Mais t'as essayé de simplement gliser/déposer le dossier Système à la racine du disque pour voir s'il voulait bien booter dessus avec "alt" au boot ?


----------



## love_leeloo (3 Mai 2021)

j'essaierai merci


----------



## Pascal 77 (4 Mai 2021)

love_leeloo a dit:


> je suis en train de récupérer Mac OS 9.1 pour voir



inutile, le Ti 1 Ghz nécessite 9.2.2 minimum



love_leeloo a dit:


> oui quand j'ai eu le TiBook il était déjà sous 10.0



Tu es sûr que c'est un 1 Ghz ? parce que le 1 Ghz nécessite au minimum 10.1.2, donc il ne devrait pas être en 10.0



love_leeloo a dit:


> par contre qu'est ce qu'il souffle, on n'est vraiment plus habitué avec le silence des derniers Macs
> j'ai envie de lui couper le ventilo



"Les" ventilos, il en a deux, et si tu coupes, le G4 va exploser, touche le fond du Mac quand le ventilo souffle, tu m'en dira des nouvelles ! C'est pas pour rien que par rapport aux modèles précédents, ils ont rajouté un patch thermique sur le fond !

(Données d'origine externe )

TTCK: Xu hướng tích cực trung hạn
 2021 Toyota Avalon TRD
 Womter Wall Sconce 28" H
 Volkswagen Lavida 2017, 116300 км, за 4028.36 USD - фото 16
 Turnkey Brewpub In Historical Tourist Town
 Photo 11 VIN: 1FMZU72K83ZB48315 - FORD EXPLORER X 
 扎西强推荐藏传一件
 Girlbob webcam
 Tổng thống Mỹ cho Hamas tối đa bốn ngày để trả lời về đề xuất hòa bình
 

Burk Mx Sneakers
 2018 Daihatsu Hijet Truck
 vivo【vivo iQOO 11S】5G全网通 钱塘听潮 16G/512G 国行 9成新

J'ai retrouvé les disques d'installation de feu mon 1 Ghz, le DVD "système et applications", qui contient l'installation de Mac OS 9.2.2 spécifique à ce modèle (il contient sans doute un "Enabler", ce qui expliquerait tes déboires avec un 9.2.2 "standard") et le CD avec l'A.H.T. Je te poste ça à mon retour jeudi.


----------



## love_leeloo (4 Mai 2021)

oui je suis bien sur un 1 GHz 






sinon, je ne me rappelle plus exactement sur quelle version j'étais parti en achetant ce mac.
certainement 10.1.2 comme tu le soulignes


----------



## love_leeloo (4 Mai 2021)




----------



## gpbonneau (4 Mai 2021)

J'ai 2 Titanium 1GHz (un avec un SSD OWC 60Go et l'autre avec un HD 120Go). 
Ils sont tous les 2 sous Leopard. Pour les démarrer sous OS9 (c'est les derniers PowerBook à pouvoir le faire), j'ai trouvé plus simple de faire 2 partitions sur les disques, une avec 10.5.8 et l'autre avec 9.2.2. 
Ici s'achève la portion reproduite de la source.